• TASK REQUIREMENTS
Restate exactly the lines of the entries below, beginning with the first and ending with the line that holds "现代简约胡桃色饭桌7K实木岩板餐桌家用意式极简长方形灰色岩板餐". Pictures are not copied.

▼

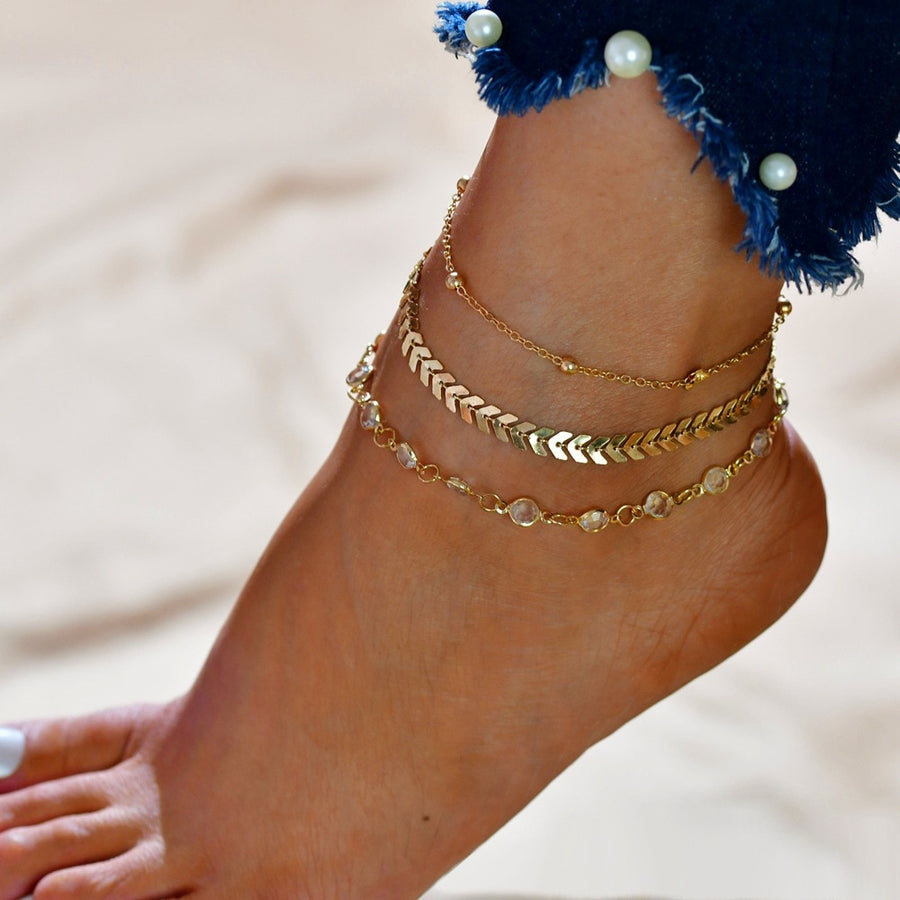 Female Bohemian Shell Heart Summer Anklets For Women T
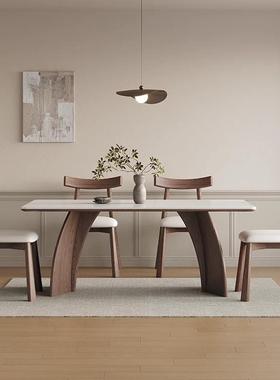 现代简约胡桃色饭桌7K实木岩板餐桌家用意式极简长方形灰色岩板餐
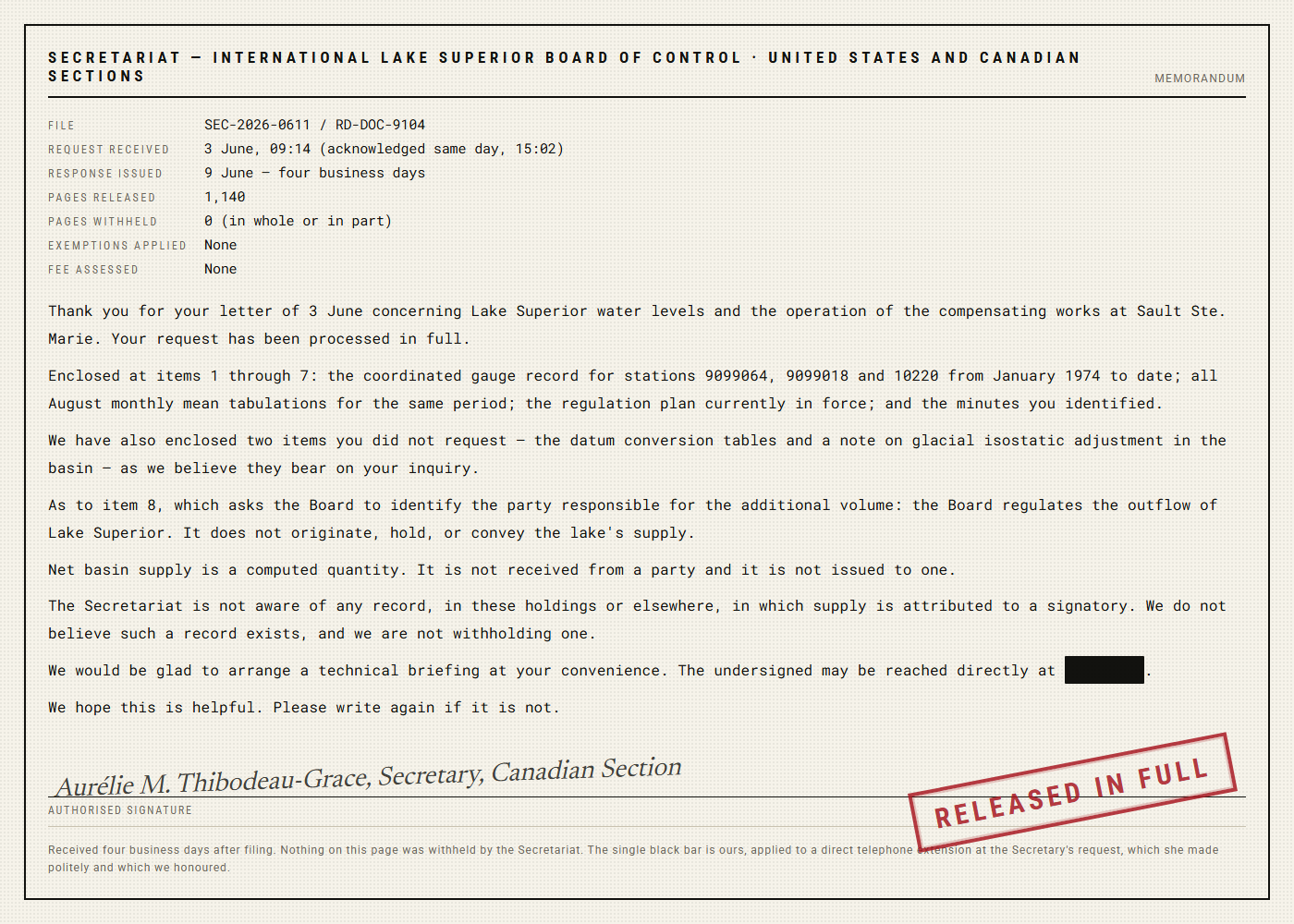 A courteous binational secretariat memorandum releasing 1,140 pages in full with no exemptions and no fee, stating that the Board regulates outflow but does not originate or hold the lake's supply, with one short black redaction bar over a direct telephone extension and a stamp reading RELEASED IN FULL.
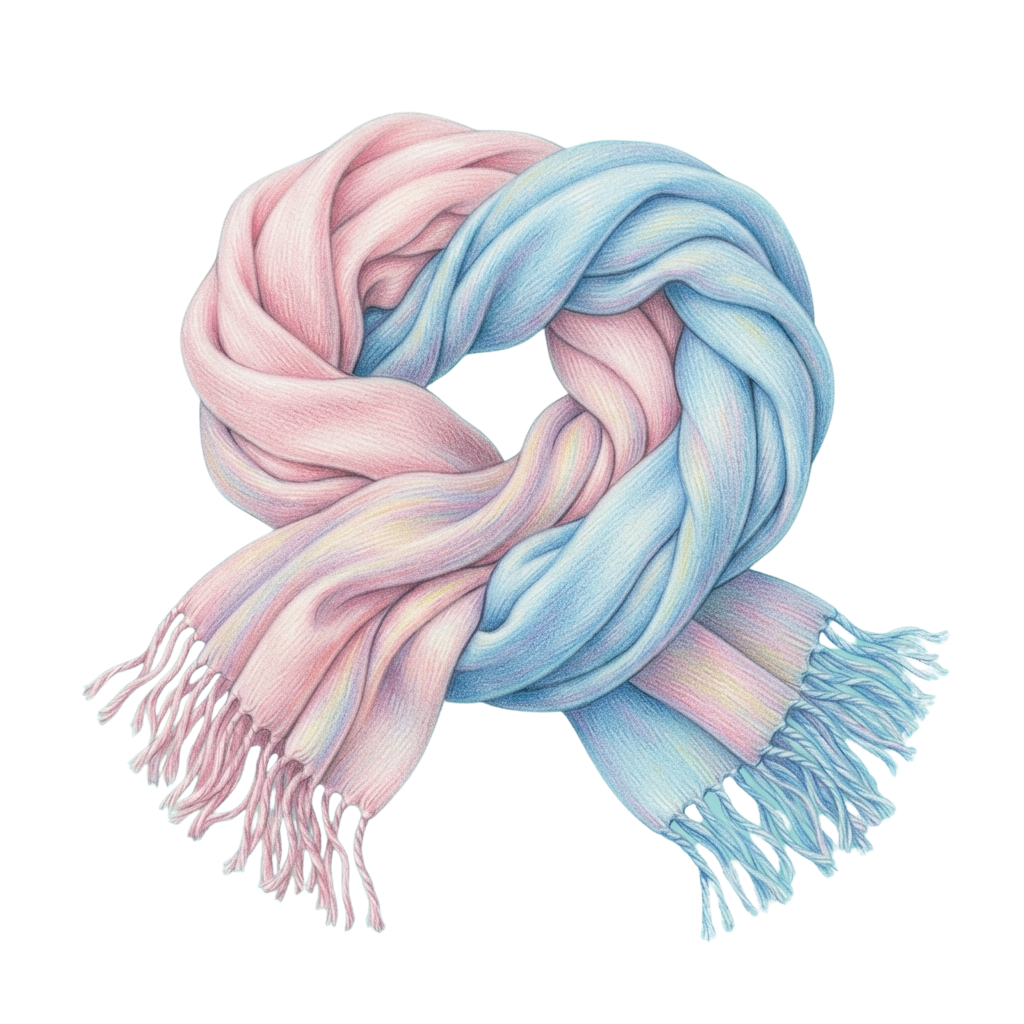 A knitted scarf with light pink and blue ombre colors and fluffy white fringe ends.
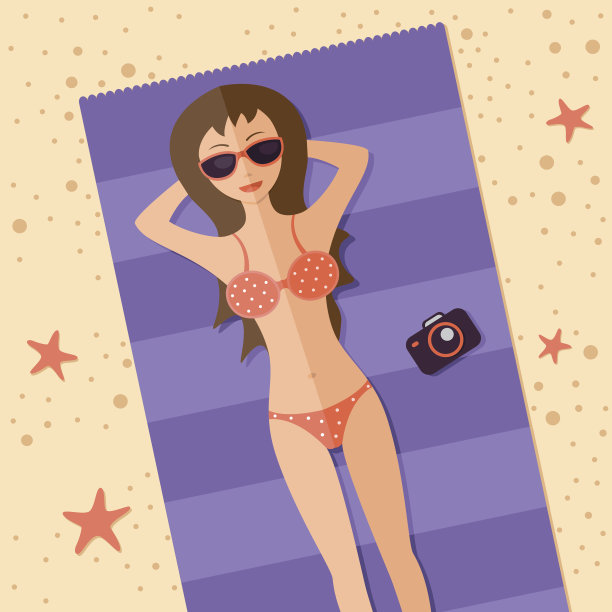 女人在海滩上的比基尼，性感的女孩在泳衣，夏天的海，海洋度假。在热带炎热的沙滩上晒太阳。平面向量插图图片下载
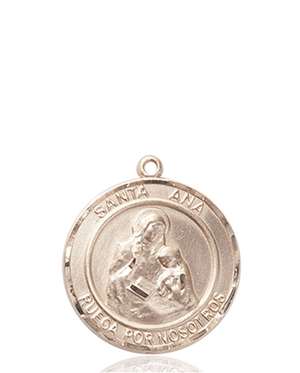 Santa Ana Medal<br/>8002 Spanish, Round, 14kt Gold
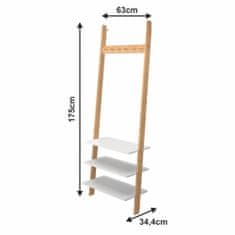 KONDELA Dřevěný věšák s policemi Marike Typ 2 - bambus/bílá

▲

• ANSWER SECTION
 Female Bohemian Shell Heart Summer Anklets For Women T
 现代简约胡桃色饭桌7K实木岩板餐桌家用意式极简长方形灰色岩板餐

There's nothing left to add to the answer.